The flavour is the main signifier of the changing seasons, even more so than the browning leaves falling from the trees. Its curious blend of cinnamon, cloves, nutmeg, ginger, and allspice just feels like autumn, and as a result, pumpkin spice is everywhere and in everything you can think of as soon as the end of September rolls around; you can get pumpkin spice coffee, dessert, candles, eyeshadow palettes, and even hair dye. Don’t be fooled — the ubiquity of pumpkin spice doesn’t mean that it’s universally loved. If anything, the taste is widely and passionately debated. People just can’t seem to agree on whether they hate it or love it. 
It’s no different on Team Unbothered, which really shouldn’t be a surprise at this point. (Y’all know we’re full of hot takes on this side.) A casual team meeting turned into The Great Debaters when someone innocently brought up their confusion about the hype around pumpkin spice, with both sides of the argument very enthusiastically trying to defend their respective stances. Like all good conversations, the heated discourse made way for some good content. Choose your side wisely — this is The Great Pumpkin Spice Debate.

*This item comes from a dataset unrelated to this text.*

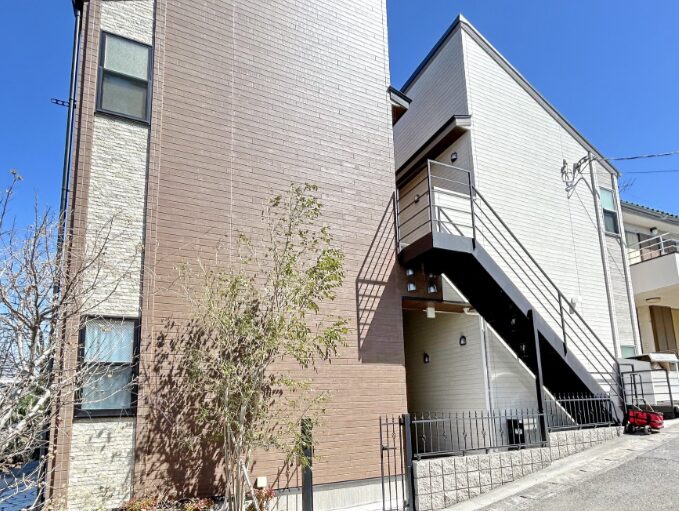 『生田』駅徒歩10分！6.2%！築3年！一棟アパート！【アザーレキュリオス生田】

Alexis Jackson (Deputy Director, Social): I grew up in a community that was very, very, very white, so naturally, pumpkin spice is something that I gravitate to. I take it very seriously, too.  The first day anything pumpkin spice comes out, I have to get mine. I just really like the pumpkin spice flavour!
Christa Eduafo (Social Content Strategist): Oh, same. I might actually even be worse than you, Alexis — I'm a pumpkin spice purist. There's a specific time of year you should have pumpkin spice. Starbucks isn’t slick, either; they’ve been perverting the pumpkin spice timeline for quite some time, introducing it earlier and earlier. Personally, I'm waiting till the leaves have changed and there's an obvious chill in the air. That's when I'm going to get my pumpkin spice latte, light my pumpkin spice candle, make my pumpkin spice cookies homemade from scratch with the musical stylings of Taylor Swift playing softly in the background. I might even watch a Halloween movie. 
Ineye Komonibo (Culture Critic): So it’s not even just about the flavour for y’all. It’s a whole culture!
CE: Exactly. A culture — a ritual, even. I can’t have it year round because I'm trying to preserve that magic. We only get two months of it before winter comes in and pushes us into a seasonal depressive state, so you have to go hard while you can.
Ineye Komonibo: I hear you, I do. But as I always do, I’ll keep it a buck with y’all…pumpkin spice is a no for me. I think that the twang of the pumpkin takes away from an otherwise tolerable flavour. Autumn is a great season — we love wool coats and boots and being able to go outside without sweating — but pumpkin spice just doesn’t hit the way y’all are trying to convince me that it does. Even hotter take: autumn food in general is mid, man. Turkey, dressing, apple pie, pumpkin pie, sweet potato pie? Absolutely not. Like, just give me an IV drip of nutrients during this season until we get to the good stuff.
CE: Even sweet potato pie?
IK: Yes, even sweet potato pie. I’ll hand over my Black card in a second. 
AJ: Well, if you don’t like pumpkin spice lattes, what’s your preferred hot drink?
IK: I’m the hot chocolate girl!
CE: That’s winter!! There’s a schedule, Ineye — you need to stick to it!
IK: I don’t drink coffee, so if it’s cold…hot chocolate.
AJ: I take offense to that. You wanna talk about low vibrational…hot chocolate as an adult is childish.
 IK: Pardon me! It’s a classic, widely beloved beverage! Unlike pumpkin spice, which is…well, for white people.
CE: It tastes good, though ! And another thing: why, as Black people, do we-
IK: [eyeroll] Aww, here she goes. It’s giving Kanye West.
AJ: It’s giving red hat.
CE: No, listen! We can’t give white people everything. We can have pumpkin spice, too! But beyond that, do you mean to tell me that you genuinely don’t enjoy the vibes of autumn? Lighting a candle, snuggling by the fire, all that? 
IK: Babes, I am anemic — autumn is the beginning of me always being cold. So yeah, I like wearing sweaters, but it’s out of necessity. The enjoyable seasonal rituals don’t start until spring, and they really ramp up during summer, otherwise known as the best, sexiest time of the year.
AJ: Maybe it’s because you’re from Texas? There probably isn’t a distinct autumn culture.
IK: We do love a flannel over there, but beyond the cosier fashions and the start of festive movie season, autumn is kind of a dub for me. 
CE: It’s all making sense now. You didn’t have the physical weather changes growing up, so this transition doesn’t mean anything to you. For me and Alexis, the first day in October is like Pavlovian conditioning; as soon as we feel that temperature drop, out come the pumpkin spice candles.
AJ: We gotta take you to a pumpkin patch. I begged my boyfriend to take me to one a few years back. 
IK: To do what exactly, Alexis? What did y’all do there?
AJ: …nothing, really. But it’s the concept of it that’s important!
IK: What I’m gleaning from this conversation is that your attachment to pumpkin spice isn’t really about the flavor itself—
CE: Though it is delicious!
AJ: It’s an experience that requires elite taste.
CE: And sophistication!
IK: …it’s not about the flavour itself, but the feeling and the rituals  that you associate it with every year. Y’all just like being cosy, and you’re conflating the two sentiments. I can make peace with that.